_Work instruction_. Only some lines are wanted: please transcribe exactly those from the one containing "Carica l'immagine nel" through the end of the data, pictures excluded.

^^^^^^^^^^^^^^^^

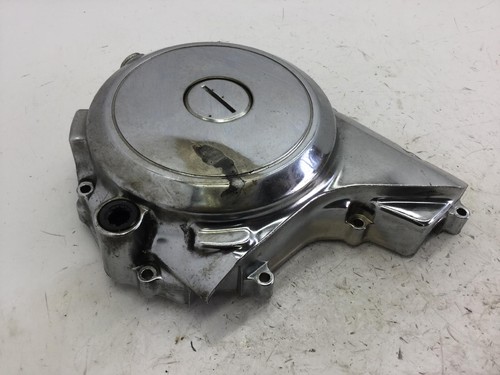 Carter couvercle stator volant - couvercle,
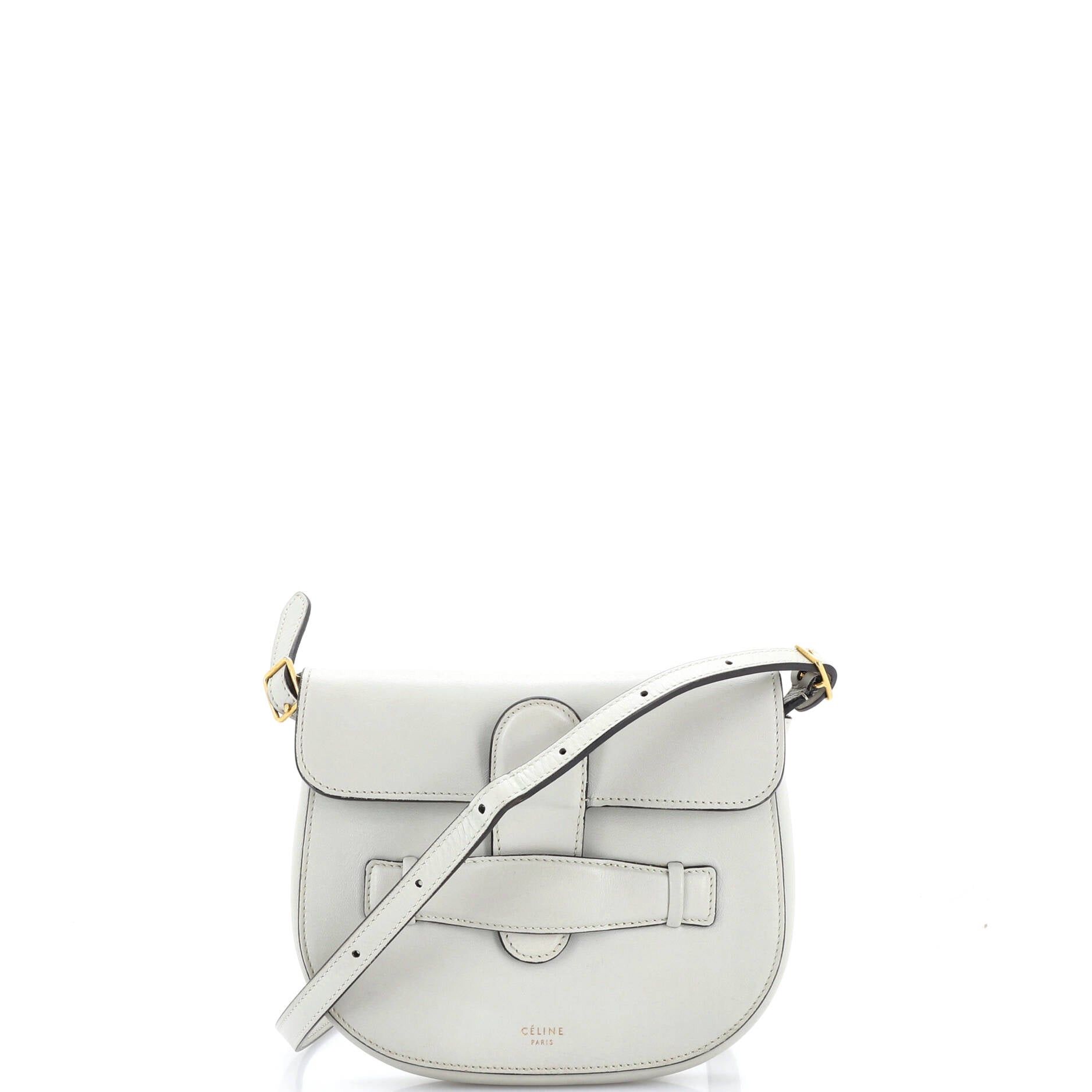 Celine Symmetrical Shoulder Bag Size ONE SIZE - 1 Thumbnail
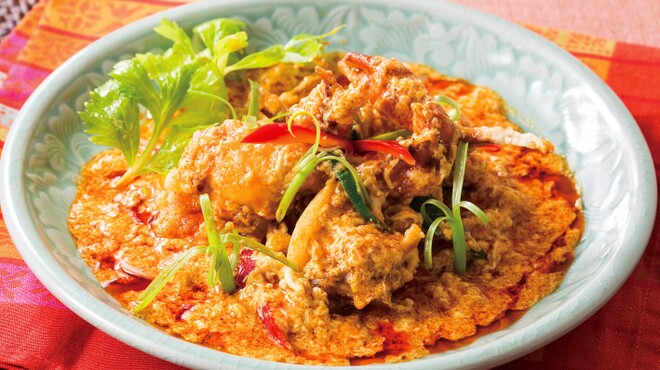 チャンパー - メイン写真:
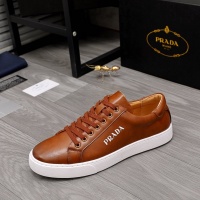 $76.00 USD Prada Casual Shoes For Men #965863
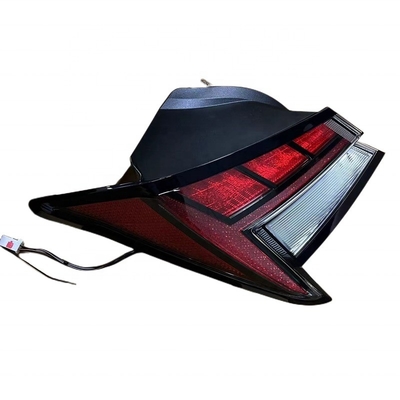 SONATA Geração 10 OEM 92401-A000 e 92402-A000 Rear Outer Tail Lamp Assembly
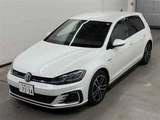 2017 Volkswagen Golf GTE GTE Sedan for sale, Japanese used car export - photo 4 of 5 | GULJI TRADERS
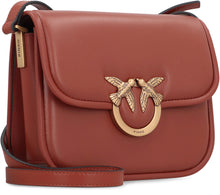 Carica l'immagine nel visualizzatore di Gallery, Borsa a tracolla Love Box FL Mini in pelle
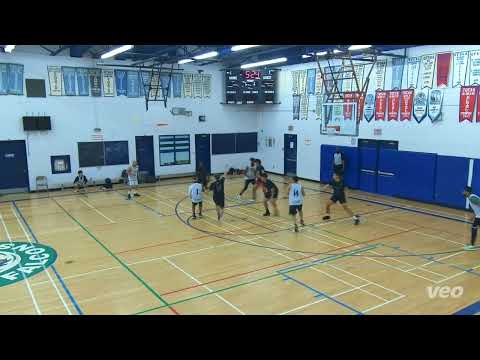 MUMBA (44) Tier 6 - 2023 SUMMER Hitmen (39) - tcbl sunday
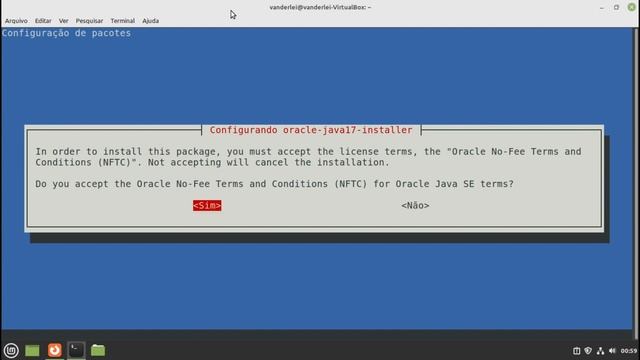 Como instalar o Android Studio no Linux - Tutorial Linux passo á passo смотреть онлайн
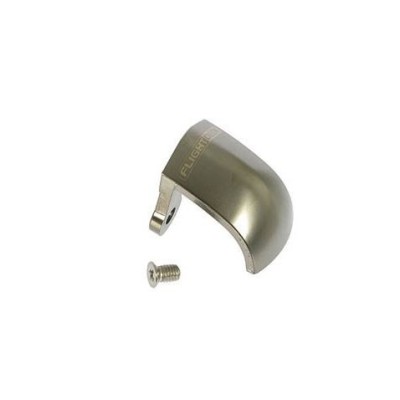 SHIMANO Placchetta destra + viti di ricambio per comando ST-6700 SHIMANO Placchetta destra + viti di ricambio per comando ST-6700
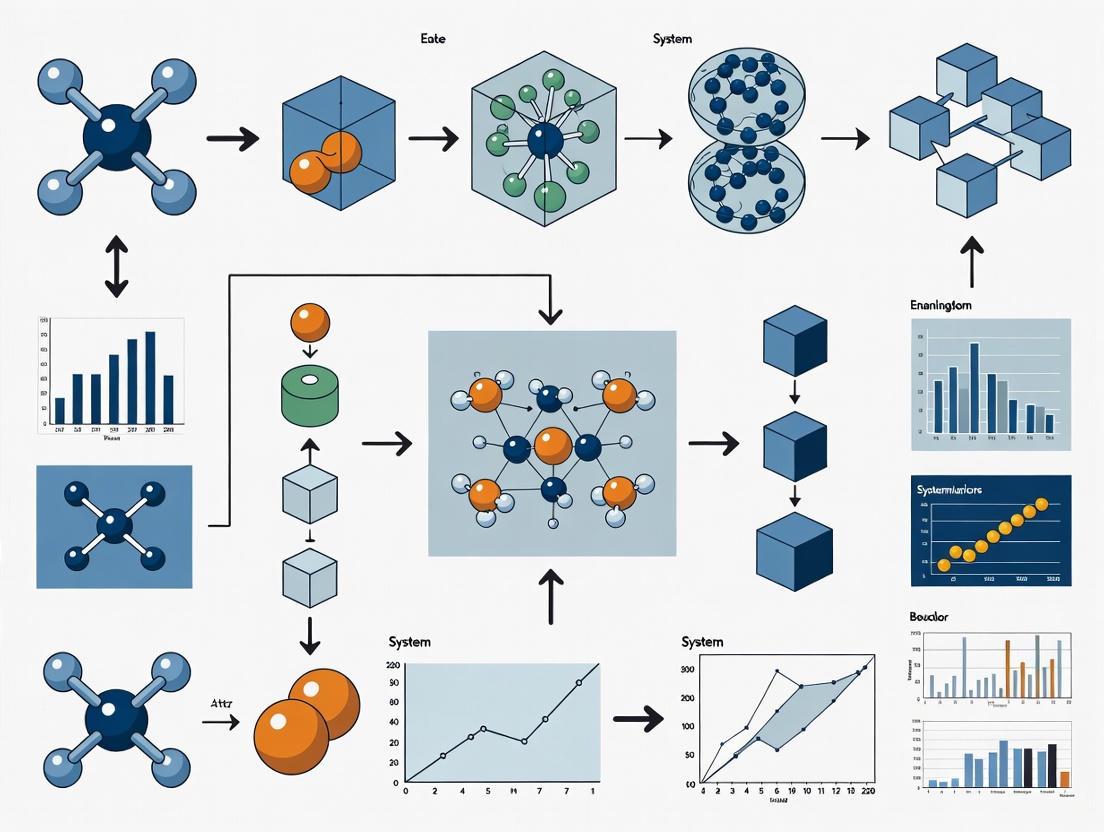 Benchmark Problems for Computational Model Verification: Ensuring Reliability in Biomedical Research and Drug Development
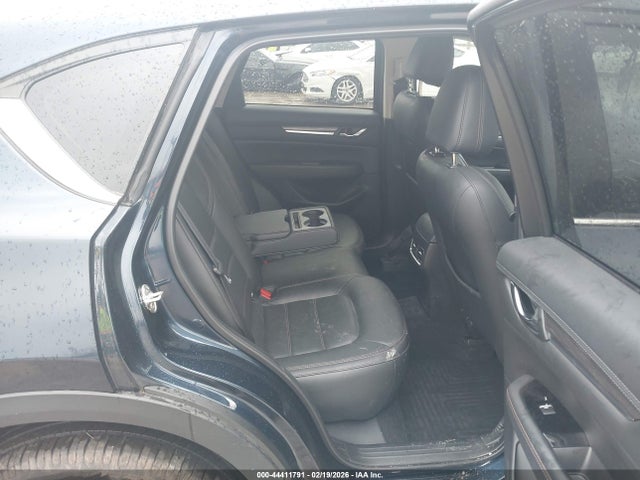 Aukcja sprzedaży 2021 Mazda Cx-5 Grand Touring, vin: JM3KFBDM0M0488511, numer aukcji: 44411791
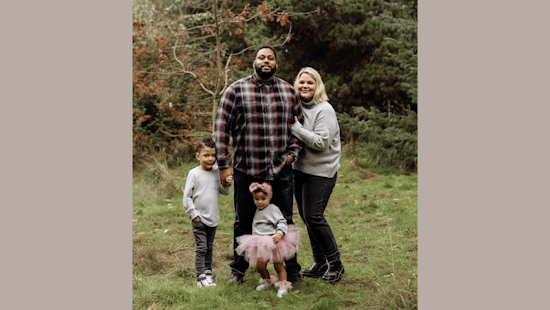 Seattle Transportation Official Darius Foster Reflects on Black History Month's Impact and Hope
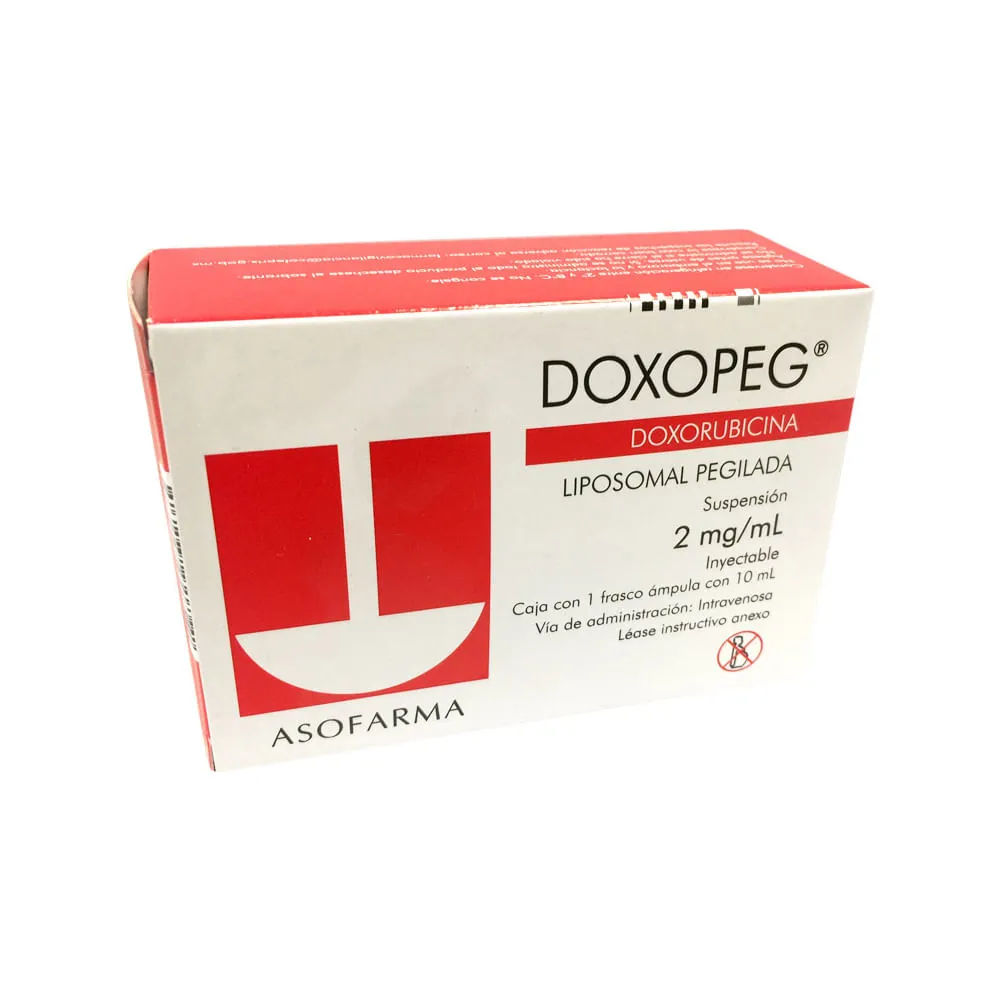 Imagen de Doxopeg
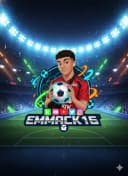 Emmack16 profile picture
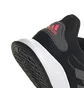Кроссовки женские Adidas Galaxar Run Black Fv4733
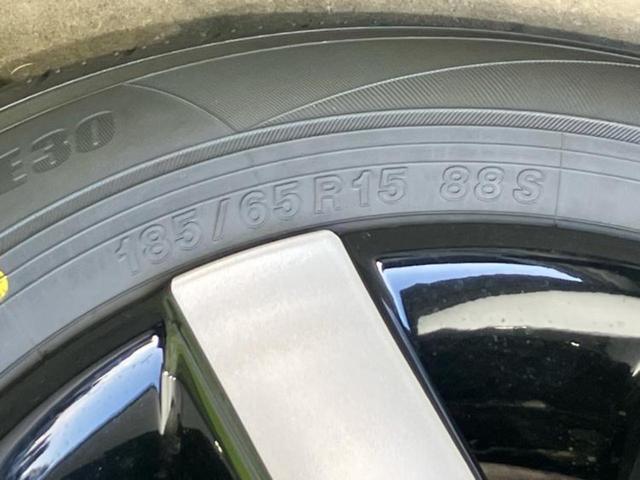 フリード ｅＨＥＶエアーＥＸ　保証書／純正　１１インチ　メモリーナビ／ホンダセンシング／両側電動スライドドア／シートヒーター　前席／マルチビューカメラシステム／車線逸脱防止支援システム／登録済未使用車／ヘッドランプ　ＬＥＤ（48枚目）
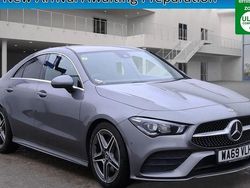 Used 2019 Mercedes 200 AMG line Coupe | £16,200 (Fair price)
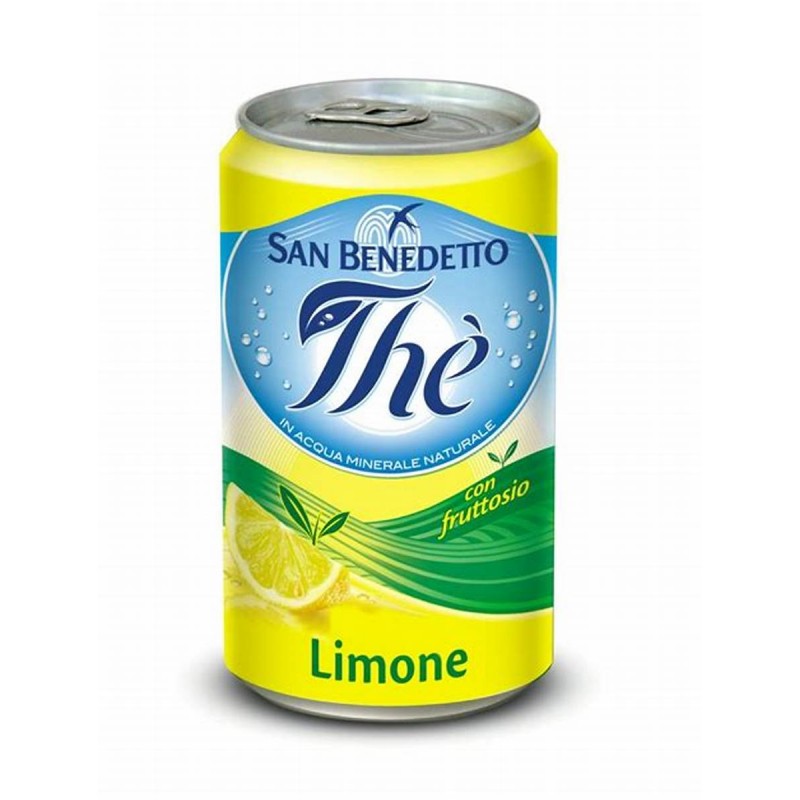 THE LIMONE LATTINA SAN BENEDET TO CL 33 X 24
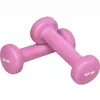 GORILLA SPORTS® Gymnastikhanteln Set - 10kg Gewichte mit Produktbild-Vorschau 5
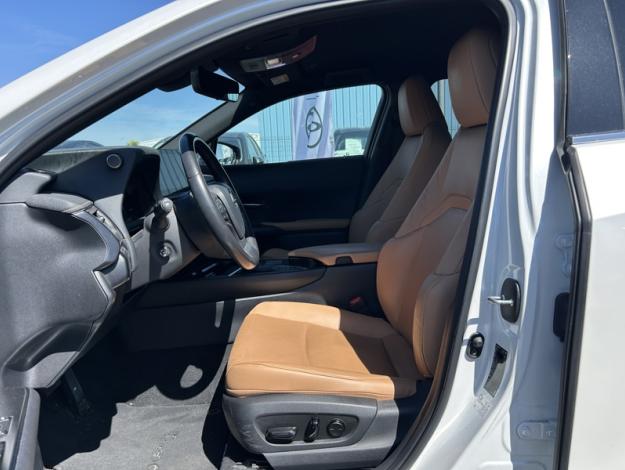 LEXUS UX 250H 2WD Luxe techno  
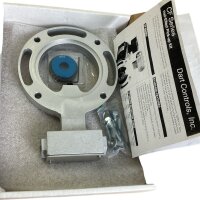 Dart Controls CF-H60 Kompletter Bausatz für 56C Rahmenmotoren -unbenutz-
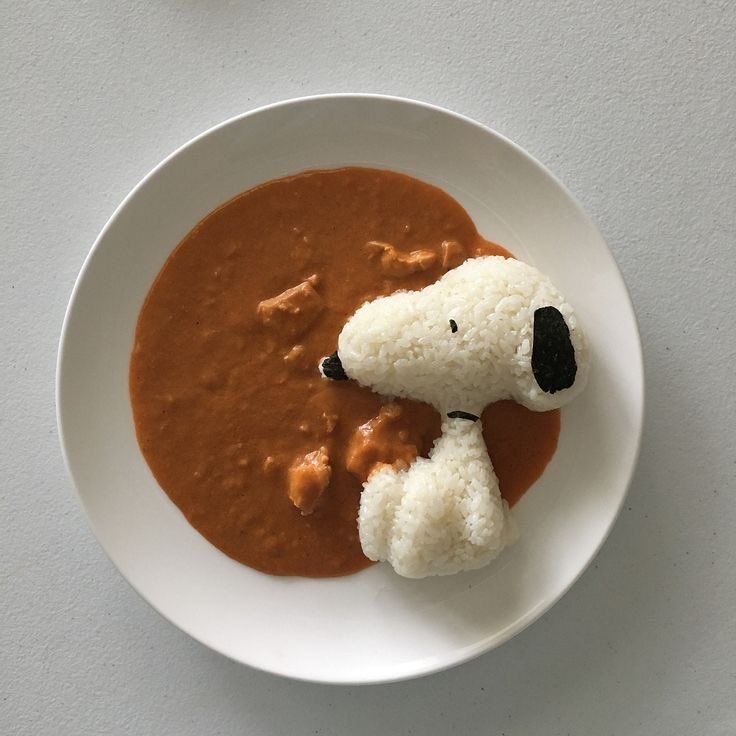 Snoopy 🍛🐾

^^^^^^^^^^^^^^^^

_Result of this exercise_.
 Carica l'immagine nel visualizzatore di Gallery, Borsa a tracolla Love Box FL Mini in pelle
 MUMBA (44) Tier 6 - 2023 SUMMER Hitmen (39) - tcbl sunday
 Como instalar o Android Studio no Linux - Tutorial Linux passo á passo смотреть онлайн
 SHIMANO Placchetta destra + viti di ricambio per comando ST-6700 SHIMANO Placchetta destra + viti di ricambio per comando ST-6700
 Benchmark Problems for Computational Model Verification: Ensuring Reliability in Biomedical Research and Drug Development
 Aukcja sprzedaży 2021 Mazda Cx-5 Grand Touring, vin: JM3KFBDM0M0488511, numer aukcji: 44411791
 Seattle Transportation Official Darius Foster Reflects on Black History Month's Impact and Hope
 Imagen de Doxopeg
 Emmack16 profile picture
Кроссовки женские Adidas Galaxar Run Black Fv4733
 フリード ｅＨＥＶエアーＥＸ　保証書／純正　１１インチ　メモリーナビ／ホンダセンシング／両側電動スライドドア／シートヒーター　前席／マルチビューカメラシステム／車線逸脱防止支援システム／登録済未使用車／ヘッドランプ　ＬＥＤ（48枚目）
 Used 2019 Mercedes 200 AMG line Coupe | £16,200 (Fair price)
 THE LIMONE LATTINA SAN BENEDET TO CL 33 X 24
 GORILLA SPORTS® Gymnastikhanteln Set - 10kg Gewichte mit Produktbild-Vorschau 5
 LEXUS UX 250H 2WD Luxe techno  
 Dart Controls CF-H60 Kompletter Bausatz für 56C Rahmenmotoren -unbenutz-
 Snoopy 🍛🐾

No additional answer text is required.